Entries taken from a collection
__________________________________________________
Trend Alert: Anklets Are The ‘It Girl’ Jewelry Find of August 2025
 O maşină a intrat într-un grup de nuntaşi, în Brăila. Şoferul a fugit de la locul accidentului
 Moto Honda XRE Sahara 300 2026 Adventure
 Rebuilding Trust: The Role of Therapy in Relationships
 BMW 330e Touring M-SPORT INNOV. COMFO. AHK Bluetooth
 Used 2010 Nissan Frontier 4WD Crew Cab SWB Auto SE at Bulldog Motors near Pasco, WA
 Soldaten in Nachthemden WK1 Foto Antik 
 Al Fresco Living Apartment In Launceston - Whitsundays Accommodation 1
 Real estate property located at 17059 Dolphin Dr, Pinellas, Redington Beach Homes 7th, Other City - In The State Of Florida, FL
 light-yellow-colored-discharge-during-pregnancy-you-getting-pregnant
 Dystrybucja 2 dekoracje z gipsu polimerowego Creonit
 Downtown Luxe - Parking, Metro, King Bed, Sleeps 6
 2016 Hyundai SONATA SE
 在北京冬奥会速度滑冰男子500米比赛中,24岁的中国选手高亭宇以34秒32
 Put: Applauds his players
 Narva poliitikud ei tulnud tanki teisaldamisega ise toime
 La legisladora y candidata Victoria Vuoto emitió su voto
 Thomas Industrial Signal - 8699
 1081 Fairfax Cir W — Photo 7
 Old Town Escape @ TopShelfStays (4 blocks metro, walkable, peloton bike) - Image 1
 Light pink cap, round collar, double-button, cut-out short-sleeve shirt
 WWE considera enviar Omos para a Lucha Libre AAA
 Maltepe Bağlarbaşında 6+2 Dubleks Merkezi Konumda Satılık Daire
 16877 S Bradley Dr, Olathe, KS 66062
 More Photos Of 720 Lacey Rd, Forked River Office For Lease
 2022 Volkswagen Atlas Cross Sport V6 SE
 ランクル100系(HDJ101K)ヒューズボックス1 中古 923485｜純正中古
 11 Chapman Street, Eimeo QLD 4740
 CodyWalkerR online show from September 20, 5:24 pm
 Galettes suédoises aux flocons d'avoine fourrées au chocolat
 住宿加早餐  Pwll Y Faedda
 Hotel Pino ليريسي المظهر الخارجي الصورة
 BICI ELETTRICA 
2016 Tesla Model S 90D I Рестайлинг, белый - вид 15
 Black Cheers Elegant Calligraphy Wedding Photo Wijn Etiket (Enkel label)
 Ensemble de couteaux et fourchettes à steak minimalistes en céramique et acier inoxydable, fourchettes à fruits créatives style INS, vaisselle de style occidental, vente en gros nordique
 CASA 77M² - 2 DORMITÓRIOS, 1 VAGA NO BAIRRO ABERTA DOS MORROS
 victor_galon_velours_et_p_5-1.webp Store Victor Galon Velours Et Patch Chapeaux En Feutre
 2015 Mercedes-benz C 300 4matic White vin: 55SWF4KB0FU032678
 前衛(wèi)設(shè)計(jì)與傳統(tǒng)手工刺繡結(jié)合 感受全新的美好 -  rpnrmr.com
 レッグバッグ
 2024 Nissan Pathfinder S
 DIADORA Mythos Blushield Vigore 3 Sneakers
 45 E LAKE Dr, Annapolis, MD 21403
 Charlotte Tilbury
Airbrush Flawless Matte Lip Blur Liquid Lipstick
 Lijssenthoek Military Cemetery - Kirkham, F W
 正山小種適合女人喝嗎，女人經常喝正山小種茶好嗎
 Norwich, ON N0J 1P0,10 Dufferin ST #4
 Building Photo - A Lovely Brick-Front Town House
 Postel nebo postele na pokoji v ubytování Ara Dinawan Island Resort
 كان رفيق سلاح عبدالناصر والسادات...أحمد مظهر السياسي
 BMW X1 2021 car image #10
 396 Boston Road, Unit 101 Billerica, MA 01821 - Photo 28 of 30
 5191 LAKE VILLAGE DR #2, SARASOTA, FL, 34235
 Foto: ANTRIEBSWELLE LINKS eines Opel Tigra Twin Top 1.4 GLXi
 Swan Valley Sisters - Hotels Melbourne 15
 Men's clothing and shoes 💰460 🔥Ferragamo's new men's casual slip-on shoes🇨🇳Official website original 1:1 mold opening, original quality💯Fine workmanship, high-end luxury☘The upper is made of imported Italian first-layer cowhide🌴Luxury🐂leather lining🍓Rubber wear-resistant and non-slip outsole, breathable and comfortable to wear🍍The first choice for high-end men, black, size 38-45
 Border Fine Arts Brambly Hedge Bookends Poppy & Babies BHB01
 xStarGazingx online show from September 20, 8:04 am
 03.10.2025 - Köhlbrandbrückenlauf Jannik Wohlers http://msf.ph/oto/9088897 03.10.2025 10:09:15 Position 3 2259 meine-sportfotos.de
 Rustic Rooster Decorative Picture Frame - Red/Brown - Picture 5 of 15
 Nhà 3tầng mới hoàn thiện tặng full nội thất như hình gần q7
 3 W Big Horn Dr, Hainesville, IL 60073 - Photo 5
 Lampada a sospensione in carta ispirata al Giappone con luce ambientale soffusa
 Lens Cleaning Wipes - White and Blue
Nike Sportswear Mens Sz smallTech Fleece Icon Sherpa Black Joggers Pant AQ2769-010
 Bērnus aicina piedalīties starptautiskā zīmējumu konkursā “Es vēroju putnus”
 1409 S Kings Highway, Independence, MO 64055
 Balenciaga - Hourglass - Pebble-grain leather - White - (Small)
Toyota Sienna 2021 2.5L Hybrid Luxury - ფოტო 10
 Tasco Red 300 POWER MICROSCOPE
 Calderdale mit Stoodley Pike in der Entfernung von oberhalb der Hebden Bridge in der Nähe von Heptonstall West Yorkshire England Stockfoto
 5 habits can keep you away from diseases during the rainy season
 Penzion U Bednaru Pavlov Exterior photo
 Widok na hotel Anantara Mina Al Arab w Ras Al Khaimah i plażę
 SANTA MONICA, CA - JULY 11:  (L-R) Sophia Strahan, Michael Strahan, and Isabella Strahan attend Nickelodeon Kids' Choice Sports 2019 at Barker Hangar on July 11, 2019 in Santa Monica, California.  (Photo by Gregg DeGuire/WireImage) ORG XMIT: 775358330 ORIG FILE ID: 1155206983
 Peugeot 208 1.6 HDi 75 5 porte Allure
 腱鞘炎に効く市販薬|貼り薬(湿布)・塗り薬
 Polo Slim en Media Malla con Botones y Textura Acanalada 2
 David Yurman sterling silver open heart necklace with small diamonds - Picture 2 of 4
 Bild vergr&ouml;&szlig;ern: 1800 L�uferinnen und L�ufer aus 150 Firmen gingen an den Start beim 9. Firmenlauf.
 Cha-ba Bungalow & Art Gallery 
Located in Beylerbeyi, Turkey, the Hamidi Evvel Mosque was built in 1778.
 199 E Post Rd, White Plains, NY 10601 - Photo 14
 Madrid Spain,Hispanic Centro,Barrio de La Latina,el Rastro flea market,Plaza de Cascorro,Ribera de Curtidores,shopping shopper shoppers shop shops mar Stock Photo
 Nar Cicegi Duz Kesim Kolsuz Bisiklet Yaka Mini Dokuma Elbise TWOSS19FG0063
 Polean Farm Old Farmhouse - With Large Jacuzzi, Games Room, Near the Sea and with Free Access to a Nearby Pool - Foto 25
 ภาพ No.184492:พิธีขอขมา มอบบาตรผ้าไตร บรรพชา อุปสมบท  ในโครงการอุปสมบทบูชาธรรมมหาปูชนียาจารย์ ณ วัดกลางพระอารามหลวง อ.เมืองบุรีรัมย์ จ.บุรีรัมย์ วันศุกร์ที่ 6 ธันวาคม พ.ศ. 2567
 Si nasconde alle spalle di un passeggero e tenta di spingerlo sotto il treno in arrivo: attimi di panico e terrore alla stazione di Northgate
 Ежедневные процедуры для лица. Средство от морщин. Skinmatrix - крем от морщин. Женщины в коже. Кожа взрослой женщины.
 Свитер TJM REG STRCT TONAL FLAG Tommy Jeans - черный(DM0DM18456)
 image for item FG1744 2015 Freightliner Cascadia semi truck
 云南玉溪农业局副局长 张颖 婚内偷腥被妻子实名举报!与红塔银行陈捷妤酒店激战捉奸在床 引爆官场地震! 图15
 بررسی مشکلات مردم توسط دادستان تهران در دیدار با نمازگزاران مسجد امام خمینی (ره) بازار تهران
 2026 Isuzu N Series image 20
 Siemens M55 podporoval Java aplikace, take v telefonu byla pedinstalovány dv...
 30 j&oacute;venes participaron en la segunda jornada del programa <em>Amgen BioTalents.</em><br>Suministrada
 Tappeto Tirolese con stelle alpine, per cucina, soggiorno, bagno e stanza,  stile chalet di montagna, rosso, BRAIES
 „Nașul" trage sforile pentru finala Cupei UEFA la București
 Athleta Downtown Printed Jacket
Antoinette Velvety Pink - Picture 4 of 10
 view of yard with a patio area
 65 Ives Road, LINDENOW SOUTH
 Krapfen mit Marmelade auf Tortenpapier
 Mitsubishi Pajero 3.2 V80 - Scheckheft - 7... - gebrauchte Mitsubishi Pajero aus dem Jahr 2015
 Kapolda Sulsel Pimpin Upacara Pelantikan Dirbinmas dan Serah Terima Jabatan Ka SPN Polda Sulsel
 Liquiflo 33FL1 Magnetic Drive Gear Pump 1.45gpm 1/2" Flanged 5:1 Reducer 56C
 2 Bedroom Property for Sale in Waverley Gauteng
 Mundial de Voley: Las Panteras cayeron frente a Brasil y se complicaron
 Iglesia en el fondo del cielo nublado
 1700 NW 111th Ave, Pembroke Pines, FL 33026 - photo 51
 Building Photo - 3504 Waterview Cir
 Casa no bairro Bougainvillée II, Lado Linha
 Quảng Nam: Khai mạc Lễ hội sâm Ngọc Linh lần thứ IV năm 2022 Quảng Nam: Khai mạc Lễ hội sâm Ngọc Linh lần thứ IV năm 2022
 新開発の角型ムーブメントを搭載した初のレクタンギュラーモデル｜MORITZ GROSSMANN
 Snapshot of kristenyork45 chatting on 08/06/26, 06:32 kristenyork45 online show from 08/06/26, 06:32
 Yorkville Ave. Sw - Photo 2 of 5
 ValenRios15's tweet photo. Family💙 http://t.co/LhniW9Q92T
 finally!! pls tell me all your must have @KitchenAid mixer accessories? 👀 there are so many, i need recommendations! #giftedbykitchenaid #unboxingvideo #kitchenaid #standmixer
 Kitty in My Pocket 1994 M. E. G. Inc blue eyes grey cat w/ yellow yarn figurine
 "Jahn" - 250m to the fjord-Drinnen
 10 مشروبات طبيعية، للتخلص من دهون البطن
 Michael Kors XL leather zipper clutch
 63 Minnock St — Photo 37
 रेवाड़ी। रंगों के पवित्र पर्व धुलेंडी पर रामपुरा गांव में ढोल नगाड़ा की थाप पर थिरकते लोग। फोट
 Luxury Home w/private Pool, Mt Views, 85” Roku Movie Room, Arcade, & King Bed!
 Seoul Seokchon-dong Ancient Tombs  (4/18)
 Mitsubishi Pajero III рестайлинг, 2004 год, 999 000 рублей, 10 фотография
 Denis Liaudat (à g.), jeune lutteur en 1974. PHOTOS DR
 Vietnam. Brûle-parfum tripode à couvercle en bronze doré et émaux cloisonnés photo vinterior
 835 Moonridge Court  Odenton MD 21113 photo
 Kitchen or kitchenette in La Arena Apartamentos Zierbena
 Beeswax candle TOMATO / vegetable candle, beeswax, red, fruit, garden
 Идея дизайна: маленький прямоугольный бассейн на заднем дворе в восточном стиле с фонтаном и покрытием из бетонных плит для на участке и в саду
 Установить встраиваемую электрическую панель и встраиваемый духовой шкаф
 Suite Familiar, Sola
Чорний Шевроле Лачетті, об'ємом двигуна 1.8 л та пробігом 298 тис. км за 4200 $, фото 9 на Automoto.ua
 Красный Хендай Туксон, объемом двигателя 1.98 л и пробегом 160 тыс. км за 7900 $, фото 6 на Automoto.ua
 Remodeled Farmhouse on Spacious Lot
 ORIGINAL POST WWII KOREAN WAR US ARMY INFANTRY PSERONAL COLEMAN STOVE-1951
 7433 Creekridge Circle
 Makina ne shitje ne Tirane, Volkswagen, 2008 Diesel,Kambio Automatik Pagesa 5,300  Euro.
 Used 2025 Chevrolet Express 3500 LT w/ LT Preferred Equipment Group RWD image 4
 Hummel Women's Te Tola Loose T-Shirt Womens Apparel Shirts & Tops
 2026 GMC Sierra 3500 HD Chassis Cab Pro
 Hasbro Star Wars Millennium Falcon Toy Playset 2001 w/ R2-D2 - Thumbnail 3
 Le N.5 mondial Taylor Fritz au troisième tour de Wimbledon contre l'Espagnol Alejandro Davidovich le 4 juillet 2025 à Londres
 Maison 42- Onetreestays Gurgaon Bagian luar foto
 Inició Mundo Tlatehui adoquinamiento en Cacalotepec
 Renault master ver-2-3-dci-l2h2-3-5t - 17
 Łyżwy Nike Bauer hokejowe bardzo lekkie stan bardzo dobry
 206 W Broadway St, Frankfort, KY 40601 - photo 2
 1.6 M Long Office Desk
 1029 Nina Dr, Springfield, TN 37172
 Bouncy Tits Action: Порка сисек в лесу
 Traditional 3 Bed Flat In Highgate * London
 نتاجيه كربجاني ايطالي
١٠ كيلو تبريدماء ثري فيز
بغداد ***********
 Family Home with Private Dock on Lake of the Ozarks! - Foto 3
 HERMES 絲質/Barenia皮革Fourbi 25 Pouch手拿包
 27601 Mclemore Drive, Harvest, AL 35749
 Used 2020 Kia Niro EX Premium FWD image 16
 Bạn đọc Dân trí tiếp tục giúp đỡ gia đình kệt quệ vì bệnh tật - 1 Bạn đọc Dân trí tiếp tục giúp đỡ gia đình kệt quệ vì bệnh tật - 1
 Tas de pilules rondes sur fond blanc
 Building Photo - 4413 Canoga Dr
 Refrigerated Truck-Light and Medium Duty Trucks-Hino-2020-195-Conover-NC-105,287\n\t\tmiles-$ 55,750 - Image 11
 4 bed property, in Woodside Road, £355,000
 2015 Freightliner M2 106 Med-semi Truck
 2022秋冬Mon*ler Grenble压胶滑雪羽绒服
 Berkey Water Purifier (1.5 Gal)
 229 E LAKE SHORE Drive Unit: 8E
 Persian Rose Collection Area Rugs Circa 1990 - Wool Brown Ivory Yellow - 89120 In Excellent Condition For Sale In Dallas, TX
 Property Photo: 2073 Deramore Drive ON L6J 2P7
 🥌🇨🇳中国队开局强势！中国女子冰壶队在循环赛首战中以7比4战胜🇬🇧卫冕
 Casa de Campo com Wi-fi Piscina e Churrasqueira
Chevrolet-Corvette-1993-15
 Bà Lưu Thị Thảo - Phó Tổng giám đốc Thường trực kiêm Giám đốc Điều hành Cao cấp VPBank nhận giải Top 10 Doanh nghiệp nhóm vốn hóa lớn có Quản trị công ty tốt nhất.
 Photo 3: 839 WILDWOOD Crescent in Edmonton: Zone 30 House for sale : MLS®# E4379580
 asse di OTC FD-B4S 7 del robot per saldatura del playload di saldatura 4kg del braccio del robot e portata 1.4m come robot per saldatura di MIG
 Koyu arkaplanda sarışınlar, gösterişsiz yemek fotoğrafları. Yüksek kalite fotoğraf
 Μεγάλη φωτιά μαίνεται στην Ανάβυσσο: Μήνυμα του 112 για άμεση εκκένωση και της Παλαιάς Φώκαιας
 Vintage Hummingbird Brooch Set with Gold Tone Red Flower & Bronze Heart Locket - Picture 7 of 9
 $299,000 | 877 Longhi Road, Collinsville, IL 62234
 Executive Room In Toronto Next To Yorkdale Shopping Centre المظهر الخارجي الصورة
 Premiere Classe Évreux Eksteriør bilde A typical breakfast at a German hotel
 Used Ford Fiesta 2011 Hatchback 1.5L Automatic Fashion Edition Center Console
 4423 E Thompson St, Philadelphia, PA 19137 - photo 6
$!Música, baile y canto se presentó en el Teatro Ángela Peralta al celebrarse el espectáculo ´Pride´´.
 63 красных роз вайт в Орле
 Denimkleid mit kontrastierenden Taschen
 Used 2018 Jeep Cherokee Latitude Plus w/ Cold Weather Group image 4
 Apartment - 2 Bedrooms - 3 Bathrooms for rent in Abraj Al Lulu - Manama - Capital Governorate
__________________________________________________
Your task is to find each line in the entries that contains the string "during" and copy it.

*Written response*.
 light-yellow-colored-discharge-during-pregnancy-you-getting-pregnant
 5 habits can keep you away from diseases during the rainy season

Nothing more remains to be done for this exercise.